Relationship between instream and riparian processes H3 & H4.
Leaf stocks were higher, and C/N, shredder abundances, CK and FK lower,
in the riparian than in the instream habitat, respectively (Table S5).
Invertebrate richness did not differ between the instream and riparian
habitats, except at mainstem, where instream richness was higher than
riparian richness (Table S5).
The relationships between riparian and instream responses were
relatively weak but selected for most of the response variables, apart
from C/N (Table 2 & 3). Although invertebrate community responses were
weak, instream invertebrate taxa richness tended to decrease and
increase with riparian richness at low and high DS, respectively (Table
2; Fig S6). Contrastingly, instream leaf-shredder abundances increased
with increasing riparian abundance, and more so as FP increased (Table
2; Fig S6). Instream CK increased with riparian CK but only among sites
with higher DS, i.e. the mainstem (Table 3, Fig. 3a). Instream FK was
positively related to riparian FK, particularly in spring and this
relationship increased as flow permanence decreased, i.e. among
intermittent sites (Table 3, Fig. 3b).
Leaf stock characteristics differed between network locations and
habitats (Table 4) and instream vs. riparian leaf stock characteristics
tended to be more similar in the mainstem (pairwise PERMANOVA: F =
3.096; p = 0.034) than in headwaters (F= 10.788, p = 0.001; Fig. 4a).

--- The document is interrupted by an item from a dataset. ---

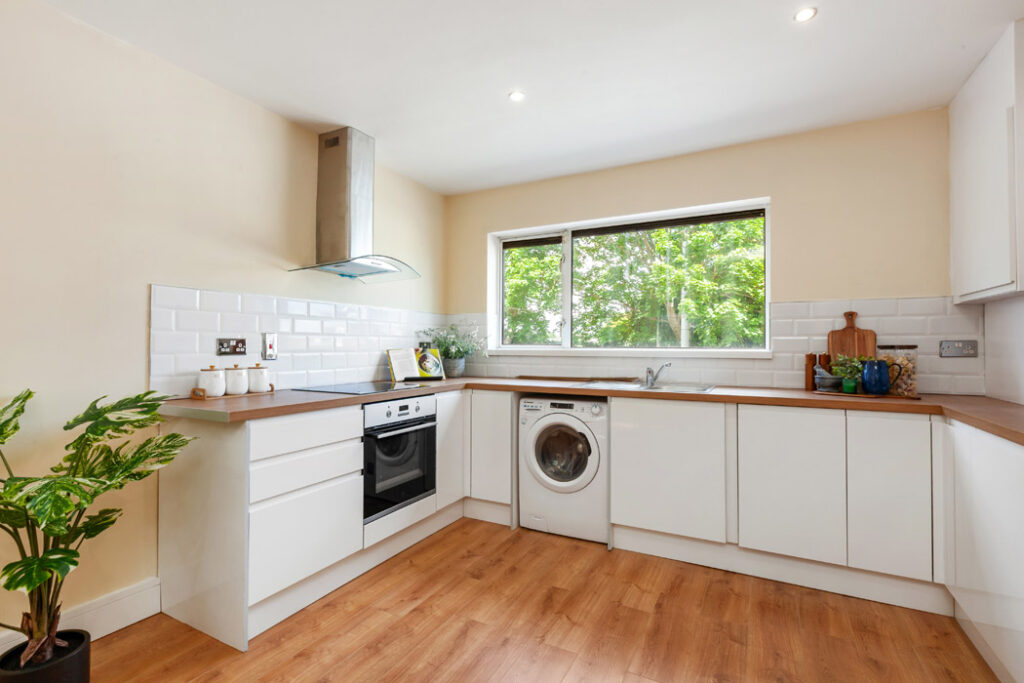 Commune with nature in your very own “tree house”, overlooking the Phoenix Park 5 89901 R 1 IMG 0225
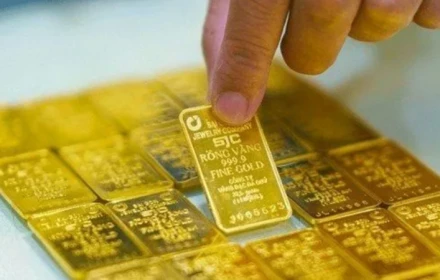 Giá vàng miếng SJC mất gần 20 triệu đồng trong 2 ngày, nhà đầu tư "khóc ròng"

Invertebrate communities differed among habitats, locations and flow
regimes (Table 4); significant interactions indicated that communities
differed more among locations and flow regimes instream than in the
riparian area (Fig 4b, c). Decomposition differed among flow regimes and
habitats (Table 4) with greater differences among flow regimes instream
(F = 12.127; p < 0.001) than in the riparian zone (F = 0.078;
p = 0.760; Fig 4d).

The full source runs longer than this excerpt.